Section 7.4 introduces a multi-cycle processor. Section 7.5 introduces a pipelined processor. Both break the processor into a series of stages, each of which can be computed quickly. Frankly, I'm mainly interested in the pipelined processor in 7.5, but in order to understand that design, we need to think about how to build the less complex multi-cycle design first.

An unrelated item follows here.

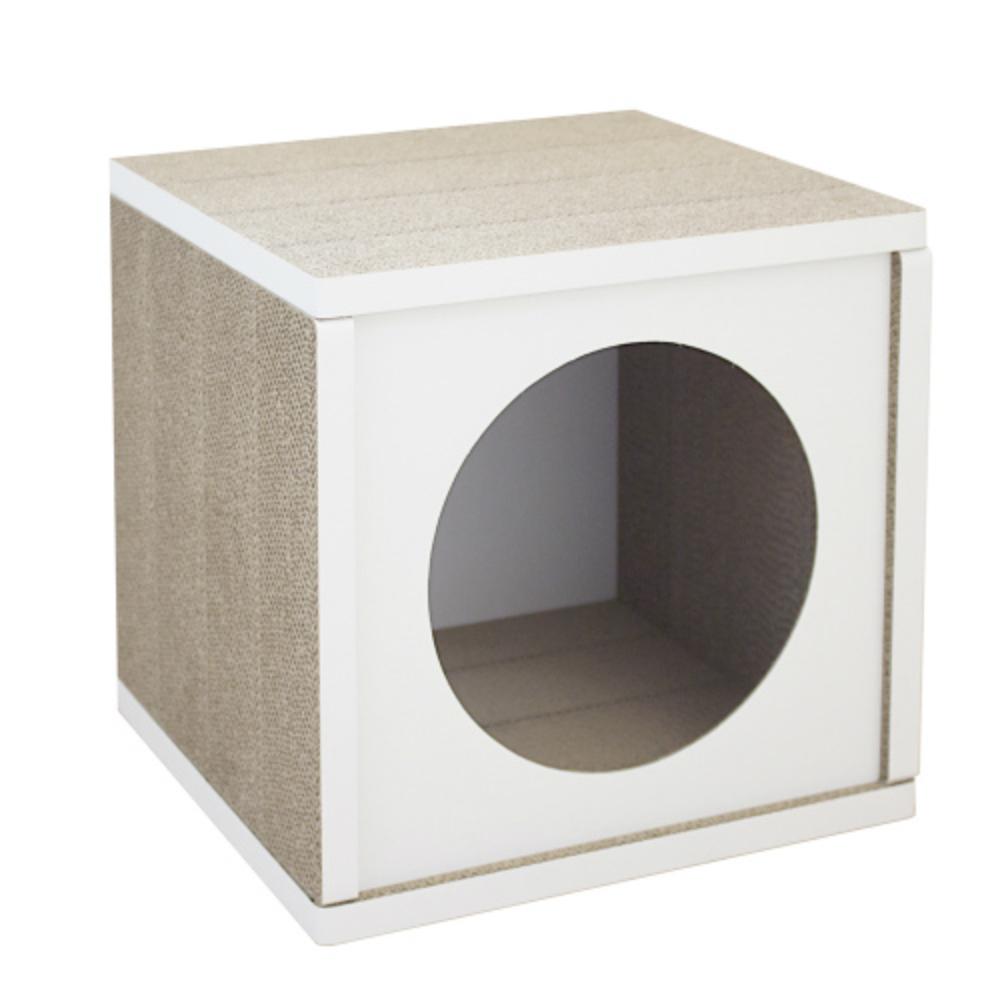 HappyDays キャットハウス ホワイト メーカー直送▼返品・キャンセル不可【他商品との同時購入不可】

The multi-cycle processor gains a performance advantage over the single-cycle processor by allowing instructions to omit stages they do not need. Only one instruction is executed at a time, and that instruction will take multiple cycles to complete. The sum of the cycle times required to execute an instruction should, in general, be smaller than the single cycle time required to execute an instruction on our single-cycle design. The design is introduced in stages, just like the single-cycle design was introduced. As before, I recommend reviewing the figures before reading any text, asking yourself, "Why does the hardware that was just introduced do? Why is it necessary?" Pay special attention to the location of the registers that have been introduced, since they break the design into stages. Can you name the stages that have been created? Once you are comfortable with the processor design, switch your focus to 7.4.4, which discusses performance. The key question for this section is, "Can you understand (and can you perform) a performance analysis like the one in example 7.8?"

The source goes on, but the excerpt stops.